LONDON (Reuters) - Investors are seeking new defences against possible falls in European stocks as indexes plateau near multi-year highs and traditional hedges prove ineffective in a market anaesthetised by near-zero interest rates.
These alternative tools range from option strategies aimed at minimising the cost of holding a hedge to investing in funds which aim to generate some returns irrespective of the stock market’s direction, such as arbitrage hedge funds.
A 50 percent rally in European shares over the past two years has left investors fretting about high valuations and seeking to protect their gains against a possible selloff.
However, hedging tactics which worked during the jittery days of 2008 and 2011, such as straight bets on rising volatility, have proved inadequate in the current, becalmed market conditions, leading fund managers to look for alternatives.

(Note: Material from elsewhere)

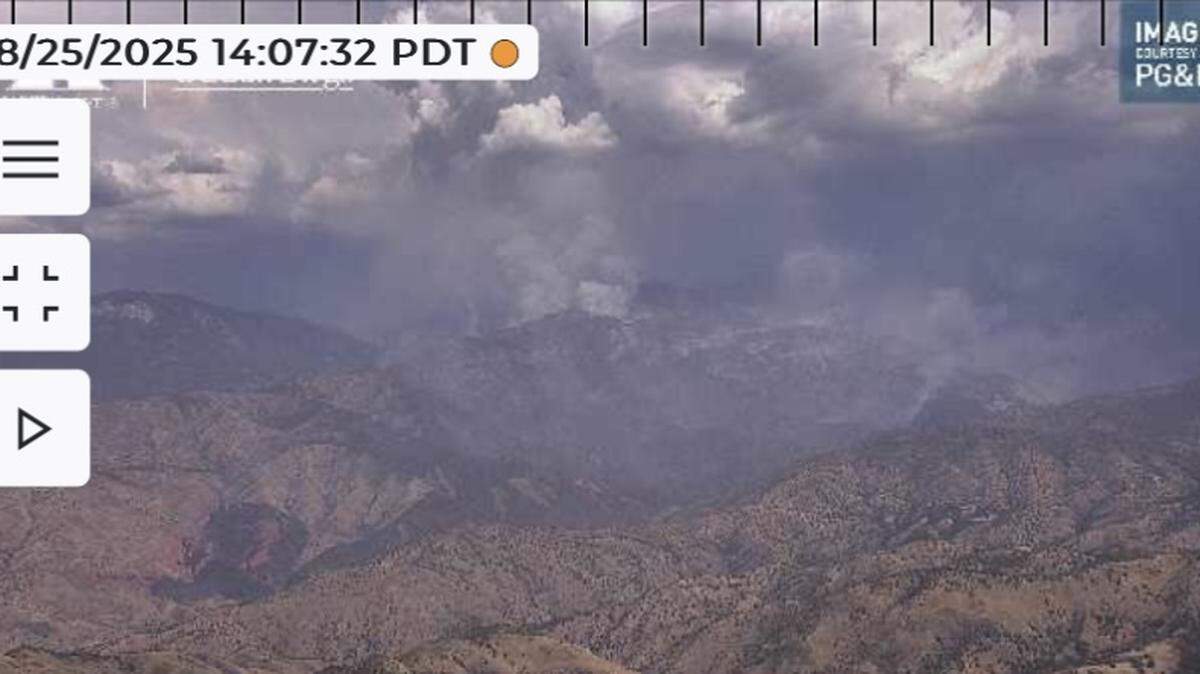 Smoke from the Garnet Fire continues to rise as the blaze has consumed 4,442 acres in Fresno County on Monday, Aug. 25, 2025.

“A direct exposure to volatility may hurt investors because volatility can still fall or stay at a low level for a long period of time,” said Bruno Pannetier, chief investment officer of London-based hedge fund Old Park Capital. “Investors have to find new ways of hedging.”
Hedging equity positions via futures on the Euro STOXX Volatility index, which gauges the prices of options on euro zone blue-chips and tends to move inversely to cash equities, has cost investors dearly over the past two years.
Firstly, the VSTOXX has fallen roughly 65 percent since the Federal Reserve and the European Central Bank made plain in 2012 that they were prepared to pursue radical measures. The index has shown no sign of revival because the magnitude of swings in the Euro STOXX 50 index has been even lower than option prices imply.
Furthermore, since futures with longer-dated maturities tend be more expensive than shorter-dated ones at times of low volatility, investors would often have to stump up when selling an expiring contract to buy a new one.
To reduce this cost, some investors are buying a cheaper volatility future and selling a more expensive one, betting the latter will lose value as time passes.
“We have observed a trend for people to look for solutions that provide exposure to long volatility but minimise or reduce the cost of carrying that position,” said Ryan Rogowski, head of asset manager solutions at Societe Generale.
“Of course there’s no free lunch so ... investors must take a view.”
Similar strategies can be implemented via put options, bets the market will fall.
Some investors are taking out “put spreads”, or financing a put by selling another put with a lower strike price on the same stock, effectively betting that any fall in the share would be small.
More bearish investors are opting for financing their puts by selling a call, or bet the price will rise, on the same security, a strategy known as a “cashless collar”.
“Investors are taking down their risk positions and a cashless collar or a put spread are a way to do this without paying too much premium out of the portfolio,” said Lorne Baring, managing director of wealth management firm B Capital.
Demand for cross-asset protection has also been on the rise, with investors fearing any hint at a tightening of monetary policy would puncture the recent, twin rally in bond and stocks.
An example of these hedges, designed to protect investors against a rise in interest rates, is an option giving the holder the right to swap a fixed rate for one that tracks market prices.
While buying options, however cheaply, erodes returns if stocks rise and volatility remains low, investing in strategies which are altogether uncorrelated with the market’s direction can boost a portfolio’s performance.
Such strategies include buying equity funds in which long and short positions cancel each other out, leaving the fund “market-neutral”, and arbitrage strategies, which seek to exploit unusual price moves, often using algorithms.
These strategies can, in theory, outperform at times of high volatility, where wild swings throw up buying opportunities.
“We’re looking for protection and market-neutral strategies tend to offer that,” said Oliver Wallin, investment director at Octopus Investments, a fund of funds. “I think they’ve got a really good place in well-constructed portfolios.”